● **WORK REQUIRED**:
Transcribe the data below verbatim from the line with "#絵柄が好みって人にフォローされたい" to the line with "SANITA Happ Premium". Include both of those lines.

● **RECORDS SHOWN**:
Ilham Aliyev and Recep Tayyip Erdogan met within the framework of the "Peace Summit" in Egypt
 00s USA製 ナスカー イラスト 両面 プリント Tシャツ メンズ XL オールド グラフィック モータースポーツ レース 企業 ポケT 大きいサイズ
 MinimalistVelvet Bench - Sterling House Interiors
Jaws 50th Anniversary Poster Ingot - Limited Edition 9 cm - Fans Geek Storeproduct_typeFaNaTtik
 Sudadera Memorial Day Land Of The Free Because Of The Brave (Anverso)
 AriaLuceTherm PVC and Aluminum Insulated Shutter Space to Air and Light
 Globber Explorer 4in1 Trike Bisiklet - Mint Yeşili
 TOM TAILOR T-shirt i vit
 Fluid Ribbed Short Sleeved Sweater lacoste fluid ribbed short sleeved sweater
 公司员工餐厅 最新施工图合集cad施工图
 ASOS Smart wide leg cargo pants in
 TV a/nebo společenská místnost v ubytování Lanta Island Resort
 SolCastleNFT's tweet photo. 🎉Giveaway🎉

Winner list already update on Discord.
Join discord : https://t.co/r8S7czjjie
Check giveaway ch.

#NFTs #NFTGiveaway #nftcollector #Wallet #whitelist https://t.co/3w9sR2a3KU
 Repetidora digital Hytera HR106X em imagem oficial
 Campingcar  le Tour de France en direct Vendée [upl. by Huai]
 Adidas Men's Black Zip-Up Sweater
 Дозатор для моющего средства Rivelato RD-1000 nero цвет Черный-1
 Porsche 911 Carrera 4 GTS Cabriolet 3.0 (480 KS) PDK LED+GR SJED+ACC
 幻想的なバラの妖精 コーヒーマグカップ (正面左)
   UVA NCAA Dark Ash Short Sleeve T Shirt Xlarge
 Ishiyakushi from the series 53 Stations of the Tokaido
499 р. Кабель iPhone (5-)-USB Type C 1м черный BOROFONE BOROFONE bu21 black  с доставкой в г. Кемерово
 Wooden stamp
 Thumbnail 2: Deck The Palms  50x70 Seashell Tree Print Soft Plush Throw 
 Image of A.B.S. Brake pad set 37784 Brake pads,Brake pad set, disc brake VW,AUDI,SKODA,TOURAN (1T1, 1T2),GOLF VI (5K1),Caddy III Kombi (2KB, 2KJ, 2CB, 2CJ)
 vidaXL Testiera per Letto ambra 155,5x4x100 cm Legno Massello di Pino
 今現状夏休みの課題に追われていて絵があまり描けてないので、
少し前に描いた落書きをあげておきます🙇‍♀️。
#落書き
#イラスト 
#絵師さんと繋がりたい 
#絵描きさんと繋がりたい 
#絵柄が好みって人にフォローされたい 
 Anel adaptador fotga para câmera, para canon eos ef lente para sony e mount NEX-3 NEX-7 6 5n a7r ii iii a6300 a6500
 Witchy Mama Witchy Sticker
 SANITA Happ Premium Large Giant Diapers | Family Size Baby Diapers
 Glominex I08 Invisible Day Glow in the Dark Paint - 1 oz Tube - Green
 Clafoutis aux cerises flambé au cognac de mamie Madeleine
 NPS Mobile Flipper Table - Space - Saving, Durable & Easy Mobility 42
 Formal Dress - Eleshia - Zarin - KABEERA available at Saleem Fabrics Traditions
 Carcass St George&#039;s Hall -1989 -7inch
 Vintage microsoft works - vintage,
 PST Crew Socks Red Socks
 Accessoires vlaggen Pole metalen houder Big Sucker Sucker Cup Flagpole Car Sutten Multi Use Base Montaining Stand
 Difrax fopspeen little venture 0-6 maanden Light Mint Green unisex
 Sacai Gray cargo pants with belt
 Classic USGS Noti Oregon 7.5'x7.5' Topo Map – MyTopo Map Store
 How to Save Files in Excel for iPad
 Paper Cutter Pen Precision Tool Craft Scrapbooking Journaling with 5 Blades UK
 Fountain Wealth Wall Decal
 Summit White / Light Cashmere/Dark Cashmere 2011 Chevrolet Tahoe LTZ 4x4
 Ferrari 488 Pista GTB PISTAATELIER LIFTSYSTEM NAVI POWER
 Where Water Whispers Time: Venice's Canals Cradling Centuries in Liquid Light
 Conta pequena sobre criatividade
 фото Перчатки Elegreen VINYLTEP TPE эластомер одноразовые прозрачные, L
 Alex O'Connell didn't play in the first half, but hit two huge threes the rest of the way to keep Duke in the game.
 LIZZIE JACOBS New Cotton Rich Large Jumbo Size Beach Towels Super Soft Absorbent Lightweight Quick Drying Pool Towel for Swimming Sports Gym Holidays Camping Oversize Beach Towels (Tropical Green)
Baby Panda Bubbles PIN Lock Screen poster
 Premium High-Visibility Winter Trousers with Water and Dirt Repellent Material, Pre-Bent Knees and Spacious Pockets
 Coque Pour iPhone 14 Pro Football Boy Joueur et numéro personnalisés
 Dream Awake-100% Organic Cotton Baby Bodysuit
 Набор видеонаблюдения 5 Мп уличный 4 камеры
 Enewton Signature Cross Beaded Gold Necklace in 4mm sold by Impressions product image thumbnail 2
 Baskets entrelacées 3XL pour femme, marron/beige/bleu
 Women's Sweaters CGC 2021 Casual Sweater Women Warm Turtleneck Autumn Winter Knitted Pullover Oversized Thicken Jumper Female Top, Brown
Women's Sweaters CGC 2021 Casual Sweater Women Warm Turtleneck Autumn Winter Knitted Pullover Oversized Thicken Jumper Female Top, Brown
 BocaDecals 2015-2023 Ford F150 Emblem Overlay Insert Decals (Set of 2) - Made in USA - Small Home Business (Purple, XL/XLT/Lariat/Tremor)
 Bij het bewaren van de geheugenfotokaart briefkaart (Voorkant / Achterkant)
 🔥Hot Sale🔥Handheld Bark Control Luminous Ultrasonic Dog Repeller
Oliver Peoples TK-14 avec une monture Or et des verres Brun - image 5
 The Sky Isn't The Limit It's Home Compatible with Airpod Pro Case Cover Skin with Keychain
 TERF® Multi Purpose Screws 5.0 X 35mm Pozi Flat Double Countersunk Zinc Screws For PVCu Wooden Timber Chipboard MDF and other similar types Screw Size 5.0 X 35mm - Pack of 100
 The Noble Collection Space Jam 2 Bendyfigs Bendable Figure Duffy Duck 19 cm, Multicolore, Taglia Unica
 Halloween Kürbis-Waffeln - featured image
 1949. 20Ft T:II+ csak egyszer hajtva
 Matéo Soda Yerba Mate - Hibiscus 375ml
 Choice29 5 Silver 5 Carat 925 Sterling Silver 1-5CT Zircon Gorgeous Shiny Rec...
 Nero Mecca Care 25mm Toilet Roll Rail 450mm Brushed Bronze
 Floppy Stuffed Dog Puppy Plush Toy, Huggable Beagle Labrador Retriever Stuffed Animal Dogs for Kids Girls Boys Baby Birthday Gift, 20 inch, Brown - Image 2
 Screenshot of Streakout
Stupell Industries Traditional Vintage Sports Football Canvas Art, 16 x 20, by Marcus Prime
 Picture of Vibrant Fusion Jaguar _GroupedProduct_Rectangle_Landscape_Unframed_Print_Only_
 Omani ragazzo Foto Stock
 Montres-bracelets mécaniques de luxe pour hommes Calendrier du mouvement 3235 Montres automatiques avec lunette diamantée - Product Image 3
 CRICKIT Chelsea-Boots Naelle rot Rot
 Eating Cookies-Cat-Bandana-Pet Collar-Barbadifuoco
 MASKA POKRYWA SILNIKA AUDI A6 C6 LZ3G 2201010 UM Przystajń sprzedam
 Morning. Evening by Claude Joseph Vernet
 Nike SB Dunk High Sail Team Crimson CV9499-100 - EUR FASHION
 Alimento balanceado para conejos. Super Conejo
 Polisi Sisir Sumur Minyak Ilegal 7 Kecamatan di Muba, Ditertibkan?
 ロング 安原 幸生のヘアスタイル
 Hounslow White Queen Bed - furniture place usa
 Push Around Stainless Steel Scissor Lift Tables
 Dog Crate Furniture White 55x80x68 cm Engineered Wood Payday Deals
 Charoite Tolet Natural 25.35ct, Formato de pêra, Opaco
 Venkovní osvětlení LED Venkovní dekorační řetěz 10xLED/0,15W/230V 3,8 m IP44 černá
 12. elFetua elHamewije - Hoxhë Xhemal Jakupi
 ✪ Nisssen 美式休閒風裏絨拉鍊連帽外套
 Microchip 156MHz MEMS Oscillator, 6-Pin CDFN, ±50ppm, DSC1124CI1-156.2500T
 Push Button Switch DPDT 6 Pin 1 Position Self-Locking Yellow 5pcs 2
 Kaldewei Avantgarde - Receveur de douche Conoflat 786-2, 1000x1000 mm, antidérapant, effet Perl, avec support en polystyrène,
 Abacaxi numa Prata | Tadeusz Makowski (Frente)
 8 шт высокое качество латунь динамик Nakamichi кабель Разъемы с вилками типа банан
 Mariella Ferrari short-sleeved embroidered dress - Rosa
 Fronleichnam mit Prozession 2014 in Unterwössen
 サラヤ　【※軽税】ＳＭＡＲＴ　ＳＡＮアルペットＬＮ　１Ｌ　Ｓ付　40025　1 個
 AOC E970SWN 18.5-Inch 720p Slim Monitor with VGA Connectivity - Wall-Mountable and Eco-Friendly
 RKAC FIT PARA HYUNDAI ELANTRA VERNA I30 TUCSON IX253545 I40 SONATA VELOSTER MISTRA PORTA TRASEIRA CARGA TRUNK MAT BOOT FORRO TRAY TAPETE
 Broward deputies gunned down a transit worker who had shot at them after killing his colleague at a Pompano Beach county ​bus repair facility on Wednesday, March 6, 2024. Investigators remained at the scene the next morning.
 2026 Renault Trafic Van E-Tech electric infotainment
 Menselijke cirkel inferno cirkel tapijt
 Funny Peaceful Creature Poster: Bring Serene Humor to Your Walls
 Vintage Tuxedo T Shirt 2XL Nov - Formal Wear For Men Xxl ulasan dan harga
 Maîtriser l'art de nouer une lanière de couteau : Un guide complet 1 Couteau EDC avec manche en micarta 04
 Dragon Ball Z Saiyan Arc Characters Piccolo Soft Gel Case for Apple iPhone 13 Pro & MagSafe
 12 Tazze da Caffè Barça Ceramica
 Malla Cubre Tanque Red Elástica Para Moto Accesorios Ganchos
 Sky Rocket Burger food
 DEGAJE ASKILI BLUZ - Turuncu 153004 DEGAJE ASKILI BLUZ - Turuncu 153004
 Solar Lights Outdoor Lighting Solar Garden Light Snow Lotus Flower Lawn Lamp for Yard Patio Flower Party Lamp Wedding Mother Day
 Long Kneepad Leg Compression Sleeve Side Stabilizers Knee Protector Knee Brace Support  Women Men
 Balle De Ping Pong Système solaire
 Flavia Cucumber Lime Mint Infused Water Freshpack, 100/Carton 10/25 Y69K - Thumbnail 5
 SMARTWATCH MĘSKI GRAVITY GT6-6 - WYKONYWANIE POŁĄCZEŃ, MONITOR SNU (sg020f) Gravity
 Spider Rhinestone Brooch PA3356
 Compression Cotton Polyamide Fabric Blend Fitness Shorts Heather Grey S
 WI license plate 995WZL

● **EXPECTED ANSWER**:
#絵柄が好みって人にフォローされたい 
 Anel adaptador fotga para câmera, para canon eos ef lente para sony e mount NEX-3 NEX-7 6 5n a7r ii iii a6300 a6500
 Witchy Mama Witchy Sticker
 SANITA Happ Premium Large Giant Diapers | Family Size Baby Diapers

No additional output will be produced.